DockerContainer(image, name) creates an object that will allow you to inspect the container it represents, and also provides a way to run it (which creates the container if it doesn’t exist) and functions that start, stop, remove and restart a running container.
Given that containers may or may not be named, interfacing with them — while not complicated — can be hard to follow in code because most of the docker-py methods require the container id, not the name. This was abstracted out, along with container status checks, in places where it made sense.
Once I reached the point of adding an attach method — which subprocesses out the command so that getting into your container is like starting a new shell — I realized it could do something fairly neat: replace python virtual environments with containers. And so capsule was born.

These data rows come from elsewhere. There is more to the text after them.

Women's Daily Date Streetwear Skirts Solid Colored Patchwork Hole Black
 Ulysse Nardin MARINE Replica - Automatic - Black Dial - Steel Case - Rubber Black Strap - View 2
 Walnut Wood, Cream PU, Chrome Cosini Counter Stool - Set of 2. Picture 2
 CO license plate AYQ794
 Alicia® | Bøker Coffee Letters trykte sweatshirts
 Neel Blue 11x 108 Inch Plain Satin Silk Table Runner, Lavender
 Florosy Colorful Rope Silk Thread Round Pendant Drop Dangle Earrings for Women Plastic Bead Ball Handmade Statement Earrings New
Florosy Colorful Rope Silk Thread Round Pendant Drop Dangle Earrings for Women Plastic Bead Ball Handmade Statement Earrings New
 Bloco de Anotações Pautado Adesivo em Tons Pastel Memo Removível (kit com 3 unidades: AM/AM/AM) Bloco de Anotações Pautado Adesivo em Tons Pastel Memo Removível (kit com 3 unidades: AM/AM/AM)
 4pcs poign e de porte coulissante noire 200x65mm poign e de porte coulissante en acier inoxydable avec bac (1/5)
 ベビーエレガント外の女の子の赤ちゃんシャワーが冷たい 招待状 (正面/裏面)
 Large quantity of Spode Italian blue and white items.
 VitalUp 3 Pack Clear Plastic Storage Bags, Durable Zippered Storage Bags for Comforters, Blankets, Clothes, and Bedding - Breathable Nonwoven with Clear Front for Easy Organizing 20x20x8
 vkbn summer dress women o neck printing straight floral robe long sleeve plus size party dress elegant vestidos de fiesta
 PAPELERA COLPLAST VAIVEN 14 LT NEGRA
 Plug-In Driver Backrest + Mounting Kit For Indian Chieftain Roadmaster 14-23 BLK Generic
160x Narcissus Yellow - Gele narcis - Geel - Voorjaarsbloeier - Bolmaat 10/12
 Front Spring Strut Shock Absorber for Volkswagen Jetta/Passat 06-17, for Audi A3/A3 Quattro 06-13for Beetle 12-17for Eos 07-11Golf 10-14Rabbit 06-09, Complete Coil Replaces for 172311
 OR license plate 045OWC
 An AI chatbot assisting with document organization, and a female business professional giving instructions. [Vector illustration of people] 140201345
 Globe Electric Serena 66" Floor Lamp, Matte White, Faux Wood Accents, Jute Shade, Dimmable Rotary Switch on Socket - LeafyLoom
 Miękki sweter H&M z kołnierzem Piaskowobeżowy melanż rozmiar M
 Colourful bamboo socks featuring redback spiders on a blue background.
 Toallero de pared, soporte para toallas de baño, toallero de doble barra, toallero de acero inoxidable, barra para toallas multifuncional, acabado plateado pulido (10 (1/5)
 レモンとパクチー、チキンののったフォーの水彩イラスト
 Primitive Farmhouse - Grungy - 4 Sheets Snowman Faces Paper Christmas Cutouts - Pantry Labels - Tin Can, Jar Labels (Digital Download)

The capsule module is essentially a command line interface to docker with which to start containers for the purpose of fiddling with code. The containers are named like you would a virtual environment, and exist until you explicitly remove them. The default image is based on a custom Python 2.7 container I pushed to DockerHub, but you can provide your own image with the –baseimage parameter. It’s also possible to take the python history generated from your tinkering and export it to a Jupyter Notebook for later use.
Usage: capsule make <name> [options] capsule workon <name> [options] capsule remove <name> [options] capsule list [options] capsule pyhistory <name> Options: —-baseimage --debug Print debug messages. -h --help Show this screen. --version Show version.
While using containers instead of virtual environments does present its limitations, my thought is that sometimes we actually want that separation, especially when you might be testing code that performs potentially OS damaging operations or if you just need to try things out in a different environment.
Regardless, this process provided a fun little learning experiment that helped discover and poke at docker-py’s capabilities.